我記得有一次經過西宮北面的鐵道口,照例是人車靜候,一列火車風馳電掣開過,“早請示”的早晨7點正,飛速掠過的車窗里,全部是乘客的半身,藍色、黑色、灰色、草綠色的身體,在高速中一動不動站立著——當時的景象就可以這樣,一早車廂里響起中央電臺《東方紅》樂曲,人人必須“早請示”,起立致敬。
記憶堆疊的1966年秋冬,西宮的梧桐和白楊樹葉,應該是黃了,西北方向的曹楊路口,竣工的一排水泥公房遭遇了哄搶,那是上海非常時期“搶房子”狂潮的初始,而與此同時,附近陸家宅菜地里,一口倒扣的糞缸內發現了一具爬滿蛆蟲的女人尸體,是情殺或自殺,沸沸揚揚的小道消息引起本地塊的轟動。
1987年,西宮是我短暫工作的地方,當時上海滬東、滬西工人文化宮影評組,已非常出名,似乎每個新電影都在等待他們的評論,其實我到西宮的時段,評論組的活動已式微了。這個湖畔的建筑里,已經開辟了被承包的舞廳、游戲機房、露天兒童游樂場等等名目,暑假期間,按照“夜公園”方式管理,人頭攢動,同事們一到值班期間都覺得十分辛苦,之后,就是我獲得《上海文學》獎,被調去這家雜志當編輯,離開了風景宜人的西宮,初夏的涼爽湖風,隱隱約約傳來的舞廳薩克斯音樂,是我對它最后的記憶。
一直記得西宮的平靜湖面,幽深的水光,據說水中多鯽魚,在雨天和黃昏,常有人垂釣,當時免費,后聽說要“40元一桿”。之后給我強烈印象的是2009年夏天,《新民晚報》登出“西宮人工湖“發生兇案的報道——有人發現水面上浮起發白的一截手臂,初以為是塑料玩具,打撈后發現,是女性手臂,紋有刺青,不知這案子如今破了沒有?
這是2009年“西宮人工湖“發生兇案報道配發的新聞圖曾經我想畫一幅1980年蘇州河的寶成橋,在進出西宮的那個歲月里,我很熟悉它的樣子,但舉筆已經想不出它彎曲河岸的模樣了,我去久違的河邊看了看,我發現這條河更加寂寞了,它沒有任何聲音,靜得可疑,河灣沒有改變,但兩岸的舊工廠和當年擁擠的船只都完全消失了。
寶成橋和不遠的武寧路橋,我曾經極其熟悉的簡潔線條都已消失,這些橋梁,包括西宮湖邊的橋欄,都是樸素的立面,橋身裸露水泥的單純氣質,存有一種獨特時代樣式,留住了50年。
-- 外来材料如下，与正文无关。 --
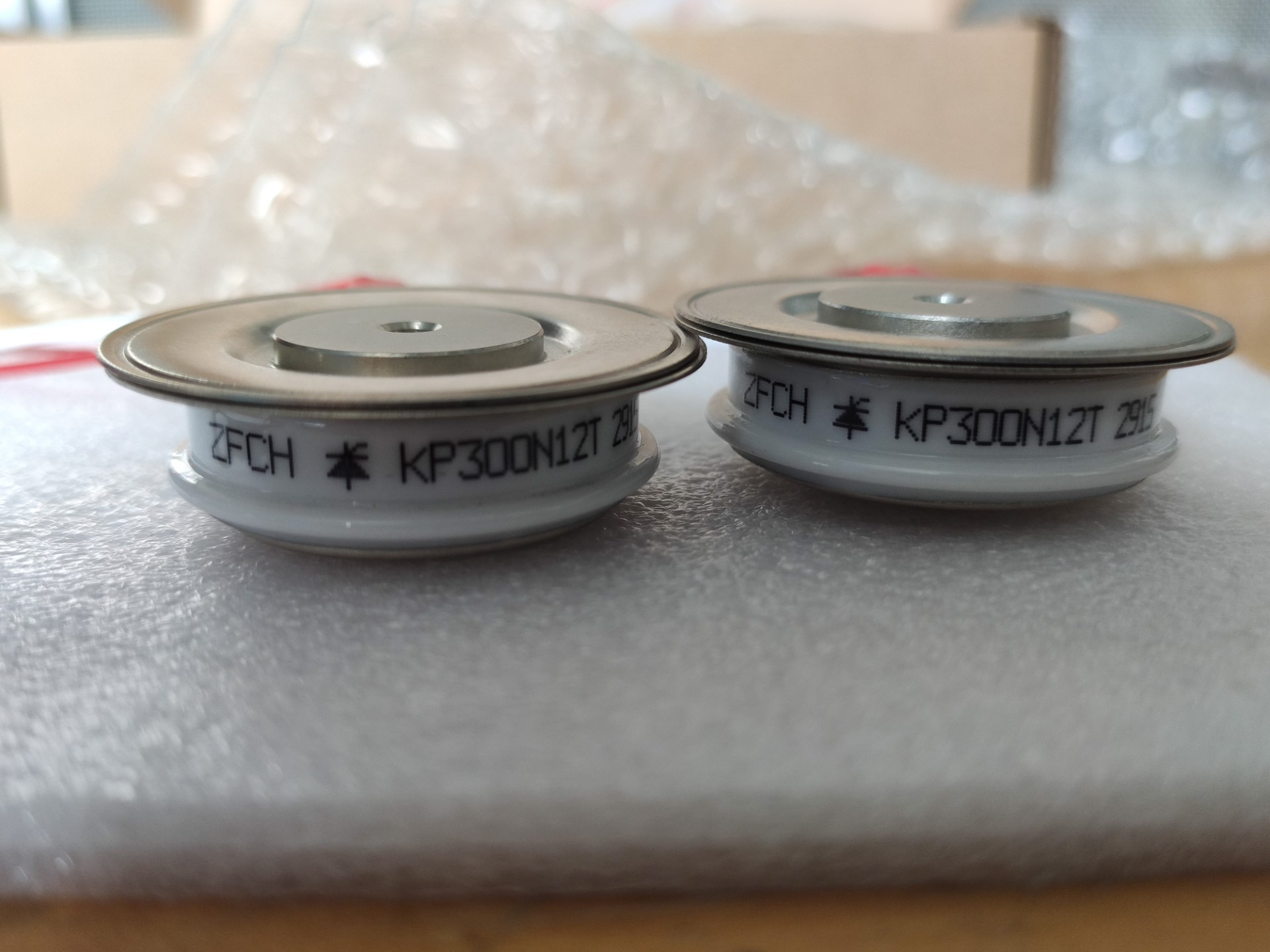 Selling thyristors and rectifier modules,The model is KPA700-40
而今,寶成橋和武寧橋已被裝飾為土豪金,仿照巴黎塞納河橋梁最俗世的滬西表情,增加了疊床架屋的歐式橋塔、寶瓶,繁瑣累贅的桂冠與不堪的劣質花環,上海人講“硬裝斧頭柄”,一切是在有關方面的努力推進下,既成了事實。而傳聞即將拆除的西宮,那些即將荒廢的湖岸小橋,那些樸素的水泥欄桿,一直躲藏在暗處的靜謐里,時代的進程,讓它們暴露在喧囂的塵灰之中,應該也將不保了。
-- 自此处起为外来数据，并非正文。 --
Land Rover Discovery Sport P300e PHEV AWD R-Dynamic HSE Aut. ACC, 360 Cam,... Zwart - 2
記得在西宮工作的那階段,我認識了一位日本研究生,她熟知的上海就是滬西,包括西宮前身——“滬西工友俱樂部”籌建者,上海早期工人領袖劉華。她的論文題目是《滬西日資紗廠與中資紗廠的關系》,牽涉到1920年代滬西工人“二月罷工”和“五卅運動” ,每一次來上海,她的習慣是沿著滬西蘇州河岸步行,訪問了不少紡織廠老工人,學了不少蘇北口音的上海話,錄有不少卡帶,隨身是一張1937年日文版上海地圖,滬西蘇州河一帶,也即本地俗稱“浜南”的密密麻麻的紡織廠,密密麻麻的“浜北”平民窟,小辛莊,潭子灣,東新村,順義村,朱家灣,做滿了日文記號,關于當年蘇州河畔無數紗廠的渡口,碼頭,庫房,堆棧,尤其是“內外棉”,包括滬西大自鳴鐘(即1926年落成的川村紀念碑),日本內外棉株式會社總經理川村利兵衛等等等等細節,如數家珍。記得她說,要再一次來西宮看我,但最后沒有來。
我記得她當時表達的意思,西宮、武寧新村、武寧橋、寶成橋、曹楊新村,她都統稱為“1950式”,雖然西宮是1961年開放的,她也歸在1950年代,她說1950年的建筑、家具,如果到1990年,在國外就需要保護了,其實每一個20年,都有自己的特點,代表了一種理想和心情,都會有人注意到。
她講這句話到現在,也已經20多年了,不知我們是否注意到了怎樣的保護?
此刻在燈下,忽然想到以前我一位工人老師傅阿金,他遇到了任何大小的變化——比如包括廠里要開發新產品,食堂要做奶油蛋糕,要開舞會,要調他去社辦廠幫幾天忙,只要有一點點的動靜,他都會退后三步,拍怕心口講,我啋啋呀……在工廠拆光之前,我調到了西宮,有一次我在湖邊遇到了阿金,他一嚇,退后了三步,拍怕心口講,是儂呀,我啋啋呀……
之后,他就過世了。
如果他還在,如果他的心臟還好,如果讓他知道了西宮人工湖里的碎尸案,知道了工廠被拆光,知道了武寧橋、寶成橋忽然出現的金碧輝煌,大放華光,包括如果他知道了,“西宮”或將夷為一片平地的話,他依然一定是跳落他的老腳踏車,拍怕心口講,我老絨(老母)呀,我啋啋呀……
無論如何,無可奈何,時間和影像就一直這樣在變,在風化,在黏貼和解體, 而我們所想抹去的記憶,究竟是一種自卑,一種驕傲,一種內心需要的改造?還是一種真正的必然?!